Een leger vol ongelijkheid. Denkbeelden over Ambonese en Javaanse soldaten in het Nederlands-Indisch Leger tijdens de Atjeh-oorlog, 1873-1914
Summary
In deze scriptie wordt gekeken naar het verschil in de behandeling en stereotypering van Javaanse en Ambonese soldaten in het Nederlands-Indisch Leger tijdens de Atjeh-oorlog (1873-1914). De centrale vraagstelling is wat de verschillende denkbeelden van Nederlandse officieren over Ambonese en Javaanse soldaten in het Nederlands-Indisch Leger tijdens de Atjeh-oorlog (1873-1914) waren en hoe deze te verklaren zijn. De periodisering van dit onderzoek ligt op de Atjeh-oorlog. Tijdens deze oorlog tegen het sultanaat van Atjeh vochten grote aantallen Javaanse en Ambonese soldaten in het Nederlands Indisch Leger. In deze scriptie wordt gekeken naar de denkbeelden van Nederlands officieren in het Indisch Militair Tijdschrift. Hoe is het verschil in denkbeelden van Nederlandse officieren over Ambonezen en Javanen in het Nederlands-Indisch Leger te verklaren?

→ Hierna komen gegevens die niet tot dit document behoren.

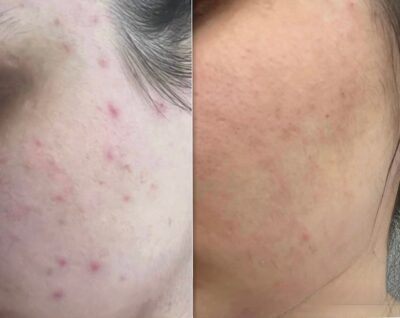 (Tussentijdse) Resultaten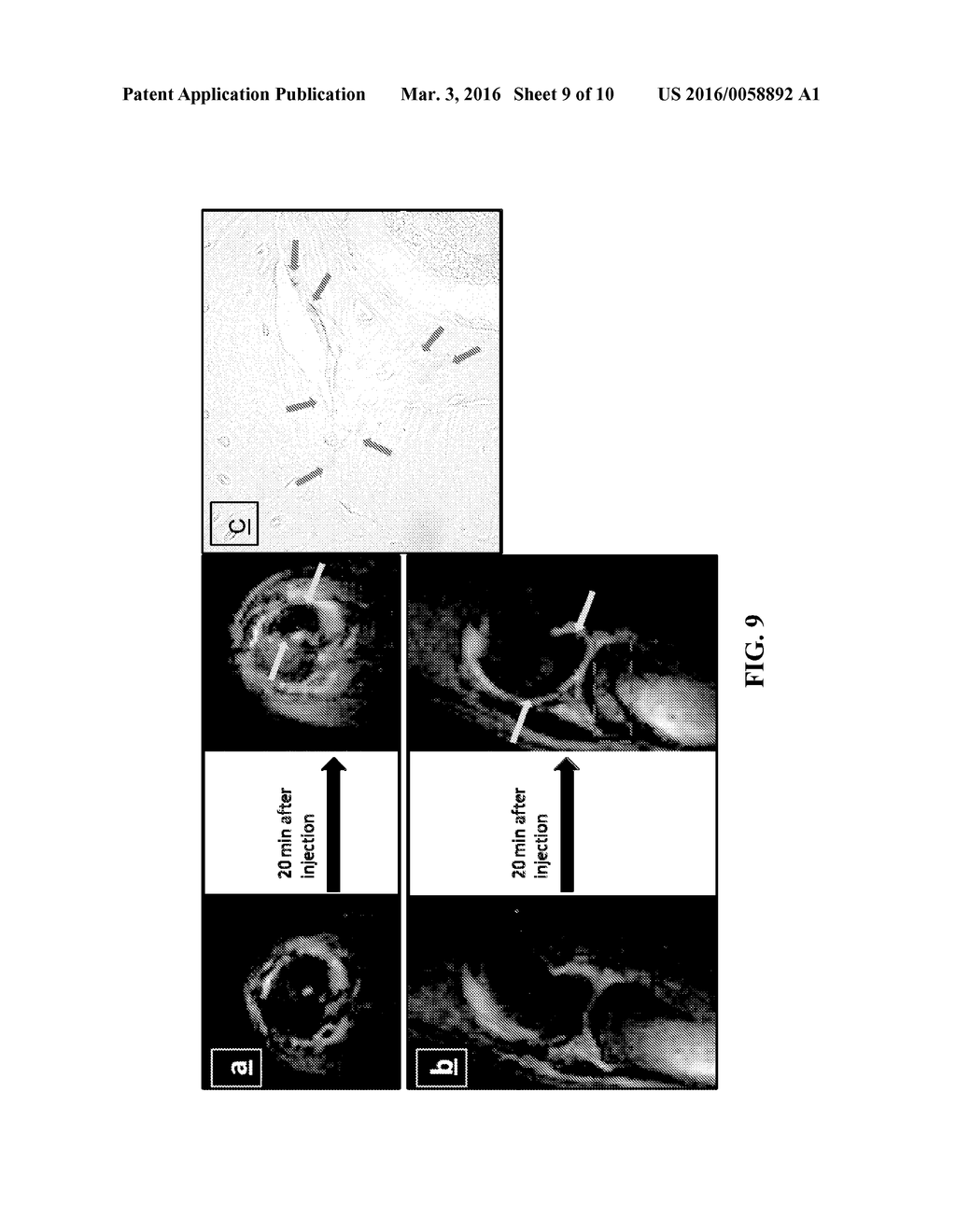 PREPARATION OF BONE-SEEKING SUPERPARAMAGNETIC IRON NANOPARTICLES AS     CONTRAST AGENTS AND METHODS FOR USING THE SAME - diagram, schematic, and image 10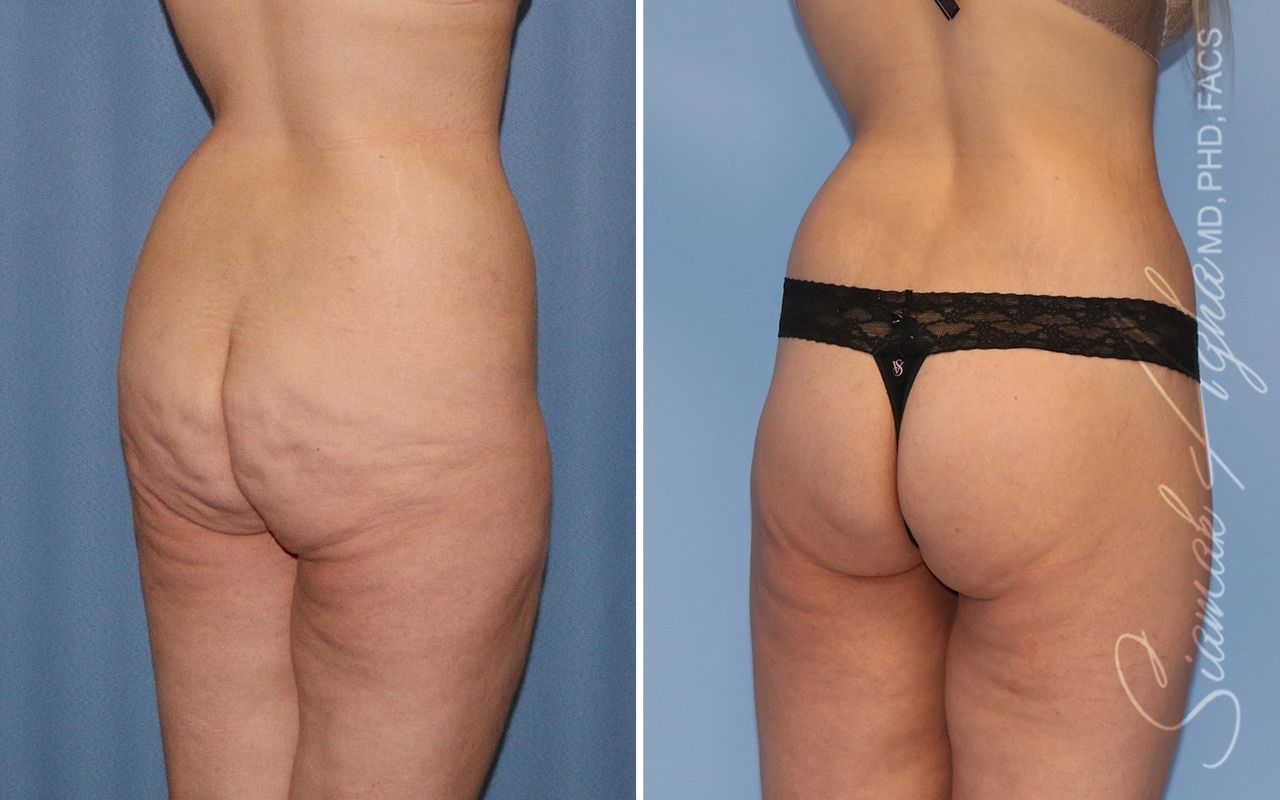 Lower Body Lift Before & After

Dit verschil valt te verklaren vanuit verschillende niveaus en gezichtspunten. Strategische overwegingen speelden een belangrijke rol als naar het grote plaatje gekeken wordt. De Javaanse bevolkingsgroep was de grootste in de Indonesische archipel en werd hierdoor door het Nederlandse koloniale bestuur niet als betrouwbaar gezien. Javaanse soldaten moesten hierdoor niet een dominante positie innemen in het Nederlands-Indisch Leger. Hierdoor kregen Ambonese soldaten, die wel als loyaal werden gezien vanwege de ‘mythe van loyaliteit’, de voorkeur om gerekruteerd te worden en kregen ze ‘vechterseigenschappen’ toegekend. Hierdoor werd het verschil in denkbeelden over Ambonese en Javaanse soldaten uitvergroot en kon deze diep doordringen in de retoriek van Nederlandse officieren.